After years of short-term bills that have left states and transportation agencies desperate for cash and long-term certainty, House and Senate negotiators on Tuesday released a compromise transportation bill that will keep programs afloat for five years.
The 1,300-page “Fixing America’s Surface Transportation Act,” or “FAST Act,” is the combination of transportation bills that cleared both chambers earlier this year and will represent the first long-term transportation bill to pass Congress in more than a decade.
The final bill comes up a little short than the six-year bill members had originally promised: it’s just five years total and spends $296 billion overall, the result of a hodgepodge of funding mechanisms highlighted by the liquidation of a Federal Reserve surplus account.
But given the dire straits of transportation finance, nobody’s much sweating a lost year when the result is a bill that’s fully paid for.
“You can’t get six years out of” the bill’s particular set of pay-fors, said Sen. John Thune. “But this is the biggest highway bill in some time.”
Or as a chipper James Inhofe, the lead Senate Republican on the bill, put it: “All’s well that ends well.”
The race is now on to get the bill passed before a Friday deadline when money runs out. It’s expected to make it to the House floor on Thursday, but the Senate has a busy agenda this week, with an expected vote-a-rama on Thursday evening.
That could leave members passing yet another short-term extension to ensure federal transportation dollars keep flowing to states.
The bill does appear to boost spending for both highway and transit programs in the short term. But it doesn’t provide a permanent fix for the problems looming over transportation spending, nor does it provide the $400 billion over six years that the Obama administration has said is necessary to bring the nation’s roads and bridges up to good repair.
The federal gas tax hasn’t been raised or indexed to inflation since 1993, which has left the Highway Trust Fund desperate for cash, with a roughly $16 billion shortfall a year. Without another funding source, the fund was projected to run dry in the spring of 2016.
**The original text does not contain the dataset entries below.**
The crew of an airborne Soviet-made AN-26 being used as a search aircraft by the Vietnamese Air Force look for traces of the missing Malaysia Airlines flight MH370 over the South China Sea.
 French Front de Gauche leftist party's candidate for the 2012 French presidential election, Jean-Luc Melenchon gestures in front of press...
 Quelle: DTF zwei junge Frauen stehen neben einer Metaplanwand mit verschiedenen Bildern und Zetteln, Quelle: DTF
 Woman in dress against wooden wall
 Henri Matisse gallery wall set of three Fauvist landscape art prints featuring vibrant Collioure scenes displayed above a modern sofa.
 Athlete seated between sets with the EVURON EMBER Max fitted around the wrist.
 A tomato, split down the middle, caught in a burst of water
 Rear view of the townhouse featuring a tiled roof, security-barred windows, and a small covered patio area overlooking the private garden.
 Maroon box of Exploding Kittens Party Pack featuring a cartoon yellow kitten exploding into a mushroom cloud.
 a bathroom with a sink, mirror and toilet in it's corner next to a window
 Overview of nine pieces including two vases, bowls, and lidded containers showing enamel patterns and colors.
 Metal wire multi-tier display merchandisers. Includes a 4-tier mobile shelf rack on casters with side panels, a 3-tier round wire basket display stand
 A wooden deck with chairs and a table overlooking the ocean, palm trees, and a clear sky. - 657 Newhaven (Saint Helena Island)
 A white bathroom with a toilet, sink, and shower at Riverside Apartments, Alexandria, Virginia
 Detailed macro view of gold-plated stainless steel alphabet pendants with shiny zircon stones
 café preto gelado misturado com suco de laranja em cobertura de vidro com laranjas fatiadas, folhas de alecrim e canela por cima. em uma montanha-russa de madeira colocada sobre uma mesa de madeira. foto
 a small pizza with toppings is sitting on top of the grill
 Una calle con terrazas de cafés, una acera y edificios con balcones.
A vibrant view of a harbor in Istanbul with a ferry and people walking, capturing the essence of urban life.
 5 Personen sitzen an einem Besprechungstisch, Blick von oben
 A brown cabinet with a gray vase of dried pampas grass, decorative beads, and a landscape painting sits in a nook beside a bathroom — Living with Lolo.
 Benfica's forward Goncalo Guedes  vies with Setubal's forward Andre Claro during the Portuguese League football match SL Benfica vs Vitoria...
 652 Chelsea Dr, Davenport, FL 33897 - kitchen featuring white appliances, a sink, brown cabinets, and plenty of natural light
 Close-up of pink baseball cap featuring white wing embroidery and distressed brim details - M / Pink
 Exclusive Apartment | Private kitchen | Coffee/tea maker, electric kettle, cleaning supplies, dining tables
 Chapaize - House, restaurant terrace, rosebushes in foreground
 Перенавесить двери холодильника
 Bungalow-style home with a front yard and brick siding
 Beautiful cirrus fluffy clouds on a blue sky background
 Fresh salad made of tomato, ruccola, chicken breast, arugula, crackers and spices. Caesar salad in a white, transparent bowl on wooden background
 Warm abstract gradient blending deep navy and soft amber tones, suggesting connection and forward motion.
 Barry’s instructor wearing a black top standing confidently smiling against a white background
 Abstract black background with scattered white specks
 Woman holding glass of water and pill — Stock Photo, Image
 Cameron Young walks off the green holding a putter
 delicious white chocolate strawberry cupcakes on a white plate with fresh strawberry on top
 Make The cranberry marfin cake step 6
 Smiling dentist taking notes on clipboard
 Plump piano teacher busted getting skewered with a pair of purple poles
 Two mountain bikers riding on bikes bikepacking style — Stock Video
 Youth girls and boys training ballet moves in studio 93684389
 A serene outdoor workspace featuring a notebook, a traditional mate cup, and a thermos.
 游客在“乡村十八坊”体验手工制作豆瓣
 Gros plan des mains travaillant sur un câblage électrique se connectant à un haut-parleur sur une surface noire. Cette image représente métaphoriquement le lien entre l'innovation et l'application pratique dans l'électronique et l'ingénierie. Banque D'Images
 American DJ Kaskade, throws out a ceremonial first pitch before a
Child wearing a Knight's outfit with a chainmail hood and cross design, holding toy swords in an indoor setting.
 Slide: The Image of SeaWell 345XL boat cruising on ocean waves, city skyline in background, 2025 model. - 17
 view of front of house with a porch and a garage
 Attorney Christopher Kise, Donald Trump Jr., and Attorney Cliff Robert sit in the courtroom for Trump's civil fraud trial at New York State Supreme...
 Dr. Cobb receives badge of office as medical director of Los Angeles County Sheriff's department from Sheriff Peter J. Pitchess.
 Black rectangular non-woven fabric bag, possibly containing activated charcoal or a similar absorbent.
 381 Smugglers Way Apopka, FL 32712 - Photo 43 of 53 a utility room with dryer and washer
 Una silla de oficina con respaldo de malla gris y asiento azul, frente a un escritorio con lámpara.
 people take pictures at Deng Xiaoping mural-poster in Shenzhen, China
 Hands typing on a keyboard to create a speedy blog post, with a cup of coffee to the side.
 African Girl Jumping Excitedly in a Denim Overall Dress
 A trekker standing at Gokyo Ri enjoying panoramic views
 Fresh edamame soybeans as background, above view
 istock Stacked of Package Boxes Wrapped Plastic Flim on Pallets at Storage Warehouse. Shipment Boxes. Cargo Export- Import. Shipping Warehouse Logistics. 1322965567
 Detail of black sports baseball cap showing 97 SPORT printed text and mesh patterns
The bill is instead paid for by a jumble of pay-fors, including $40 billion from the Federal Reserve surplus account, which acts as a cushion to help the Fed take potential losses. The bill also sells 66 million barrels of crude oil from the nation’s Strategic Petroleum Reserve for $6.2 billion. Among the other funding mechanisms is revenue from a customs fee for airline and cruise passengers.
That combination would leave Congress desperate for more money in five years, but offers some small relief at the moment. The Senate originally passed a six-year bill with just three years of funding, something the House was set to move as well until Rep. Randy Neugebauer floated the Federal Reserve proposal.
Still, critics and even some members have decried the use of “gimmicks” to pay for the bill.
Among the hang-ups to reaching a final compromise were several safety provisions in the bill, including one related to the amount of rest that truck drivers could take. After safety groups and Democrats balked, that language was removed from the bill.
Another provision that would have lowered the legal age of truck drivers from 21 to 18 was also amended to become just a pilot program in order to gather more support.
The bill does contain the controversial reauthorization of the Export-Import Bank, but last-minute hopes to attach a provision reauthorizing health care funding for 9/11 responders was scuttled.
Neither chamber is expected to have much trouble passing the bill, given the pending deadline and the bipartisan support for infrastructure spending.